Updated about 7 years ago on . Most recent reply
Starting Short Term Rental
I am interested in starting a short term vacation rental business using airbnb and would like some advice. I have purchased 10 acres just outside of Asheville NC and we are turning it into a homestead type place. We live on the land full-time. The land was part of a larger farm and was abandoned for about 15 years prior to us obtaining it. We have lots of work yet to do clearing/landscaping to get it back to beautiful. We currently have two barns (needing some rehab), chickens, and a garden. We would like to generate some income from the place and think short term rentals would be a viable option. My hesitation are start up cost. I do not want to rent space in my house so we are considering building a tiny house/tree house or possibly some type of glamping tents. Since we are not 100% sure we will enjoy this type of business we don't want to invest crazy amounts of money and then figure out this is not the route for us(although we would probably have a pretty cool guest house). I do realize you have to take some risk and the more unique the place is the more successful it will be. Some rentals in this area seem to be successful with minimal amenities i.e. composting toilets, solar panels, no running water bring your own cooler type of place. Has anyone out there started from ground up...please give advice?
Thanks!
Most Popular Reply
If I were you, I'd just run the numbers, they'll tell you what's worth doing. I have no short term rentals, but this applies to any business.

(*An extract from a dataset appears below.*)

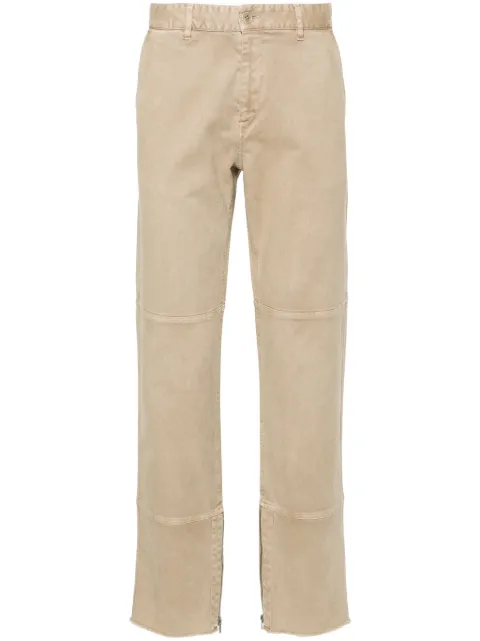 Zadig&Voltaire Pocky straight-leg panelled trousers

You need to know how much you can make, and how much it'll cost to make that money.
I would:
-Figure out what the average occupancy rate is and then pad it by 10-15%
-Look and see how much similar units are renting for, and pad it by 10-15%
-Get some quotes for house cleaning, since its going to get really old cleaning that place over and over again after guests leave it a mess
-Get some quotes to figure out how much it'll cost to build the houses, build the driveway, lay the septic, run the power, dig the well, etc.
None of that should cost you any money, just your time. If you do that and it looks like you'll still make money, then run with it.
Also, if it were me, I'd probably figure in a finance cost. Basically, I'd figure out what the monthly payments would be on a loan to finance the capex and subtract it from my revenue. That's essentially the "cost of your money", even if you use cash reserves to do the original building.
One last thing--I would probably build the houses as "real" houses, so you could long-term rent if you get tired of short term rentals.